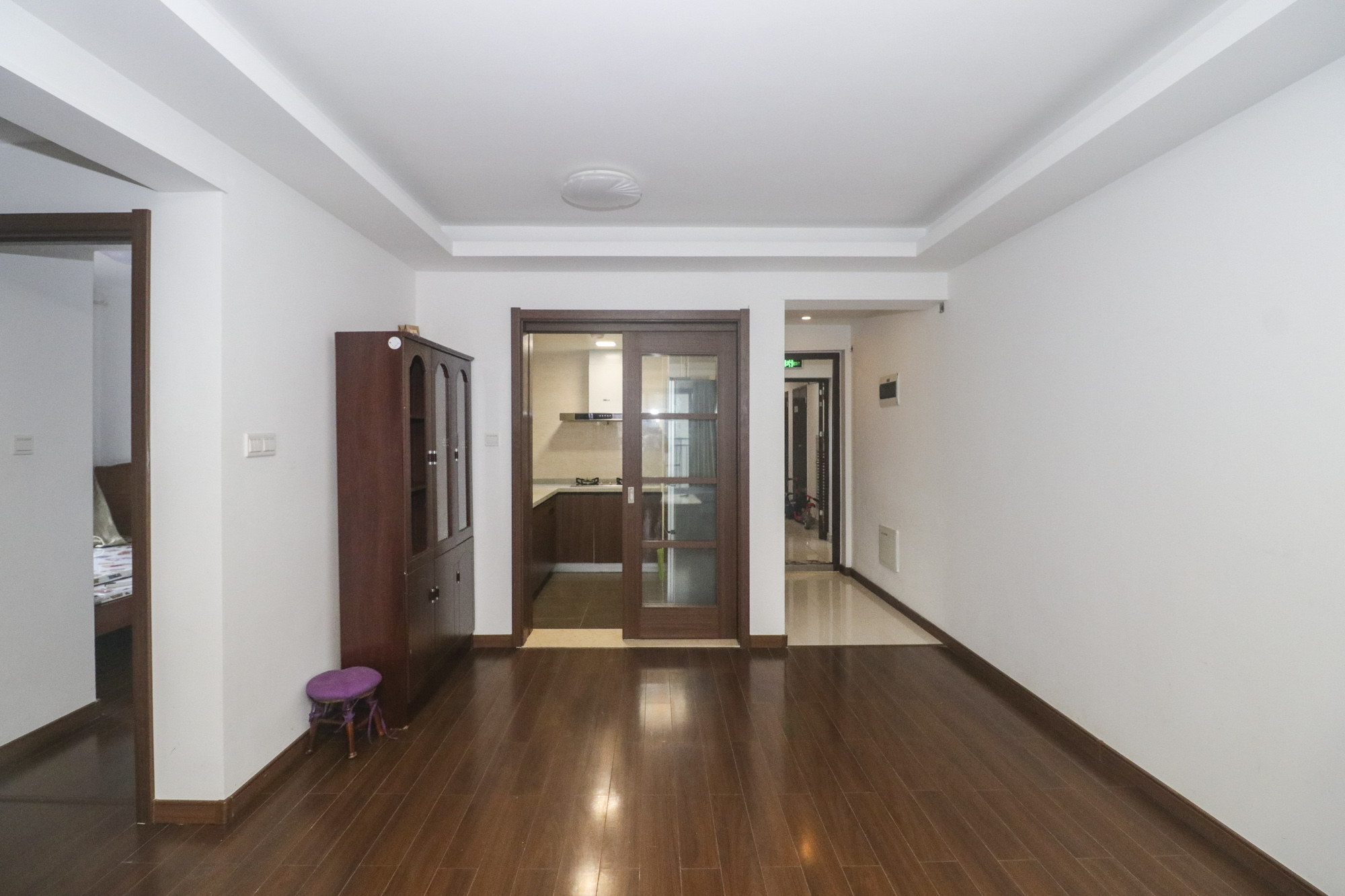 万科里金域滨江  3室2厅1卫    205.0万客厅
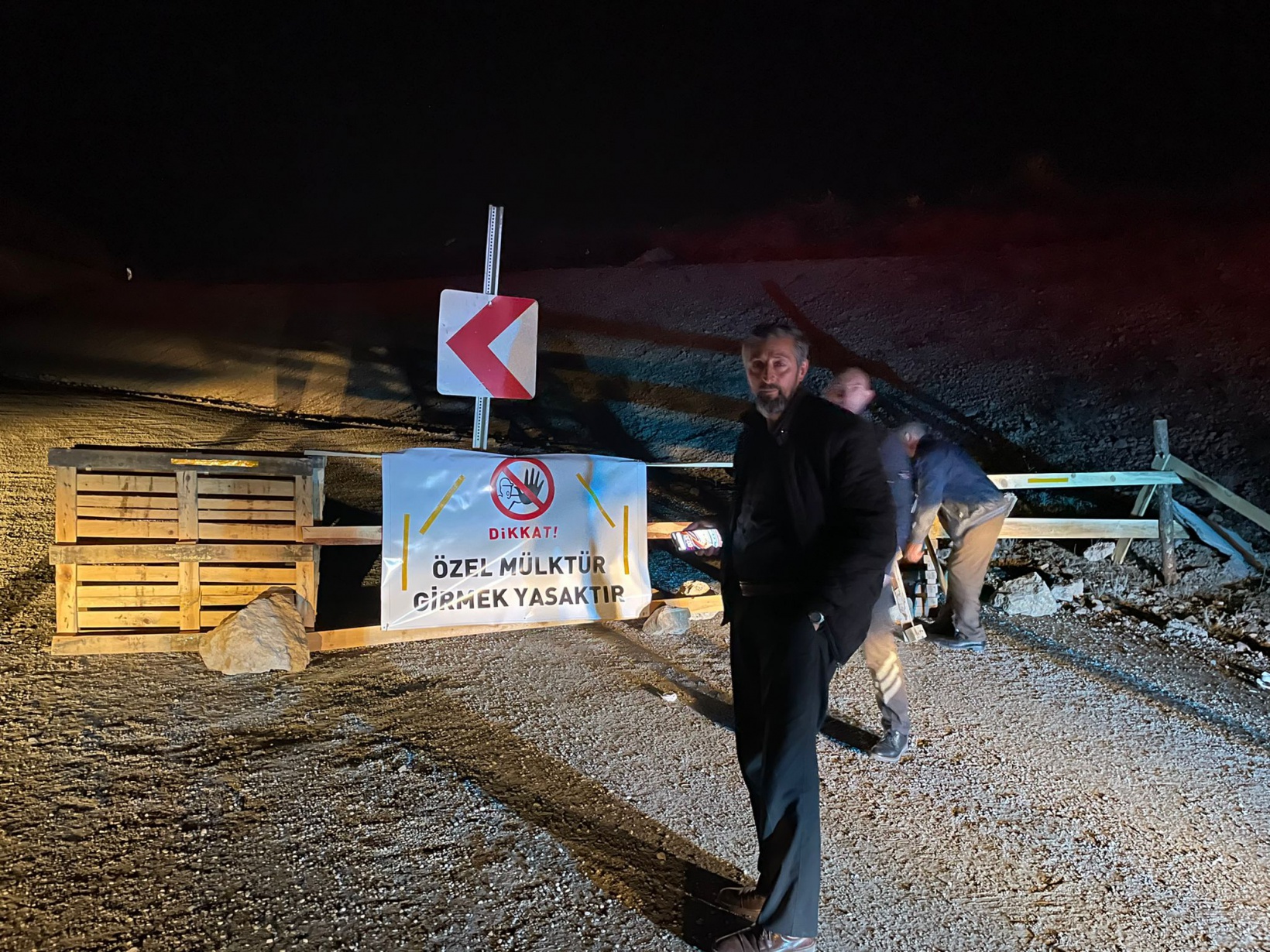 Gündüz kapanan yeni hastane yolu gece açıldı 4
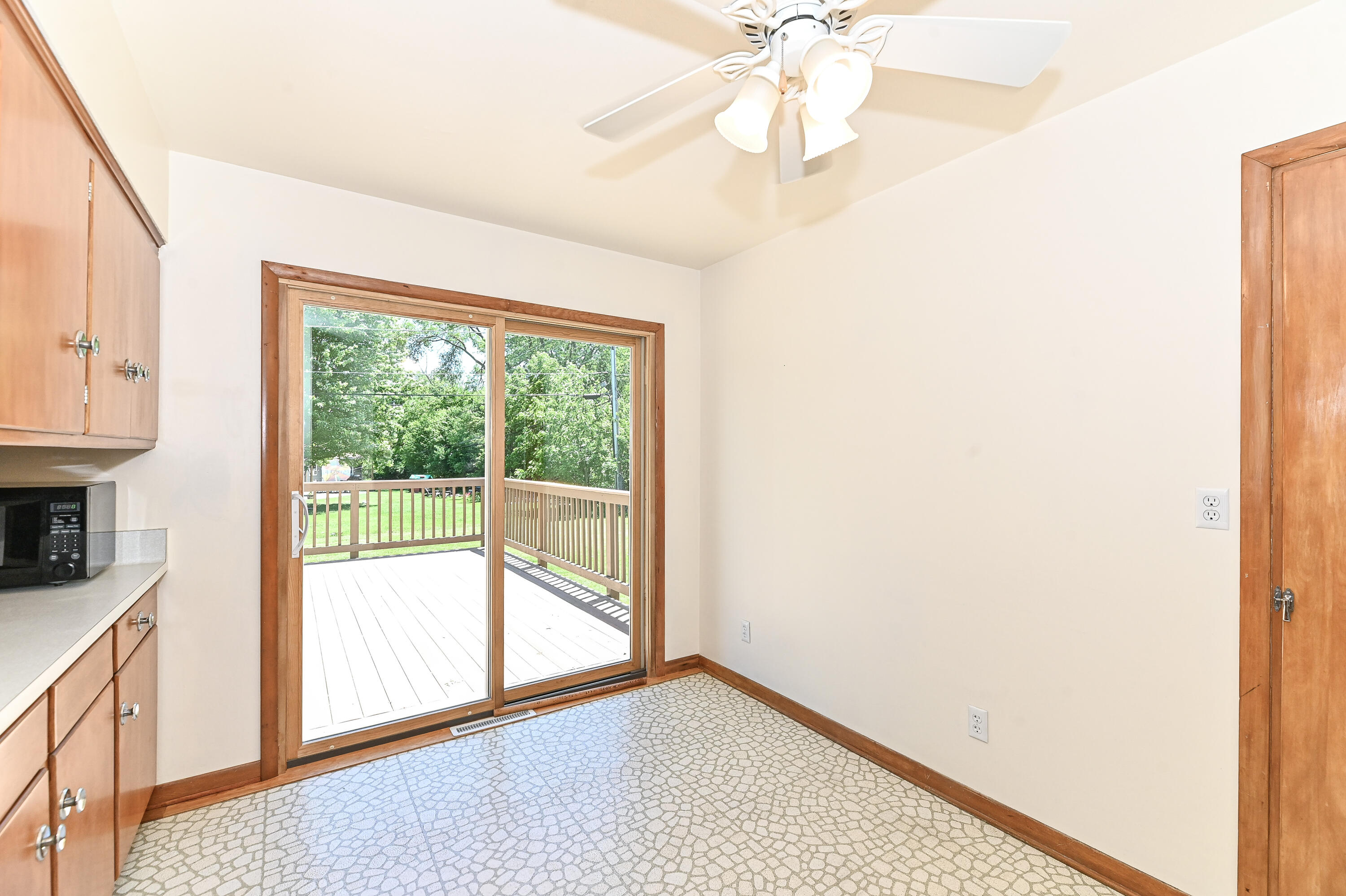 W156N8008 Pilgrim Road Menomonee Falls, WI 53051 - Photo 8 of 50 pilgrim-15
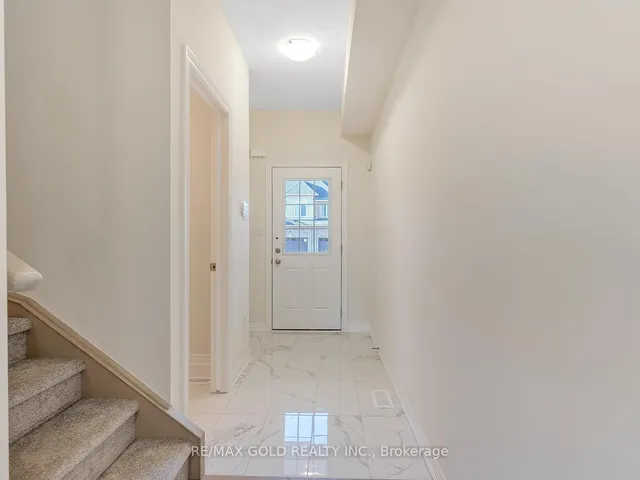 Additional image 7 of 93 PINOT Cres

___

Exercise prompt: Copy all of the data word for word, and keep the pictures out of it.

Your response:
 万科里金域滨江  3室2厅1卫    205.0万客厅
 Gündüz kapanan yeni hastane yolu gece açıldı 4
 W156N8008 Pilgrim Road Menomonee Falls, WI 53051 - Photo 8 of 50 pilgrim-15
 Additional image 7 of 93 PINOT Cres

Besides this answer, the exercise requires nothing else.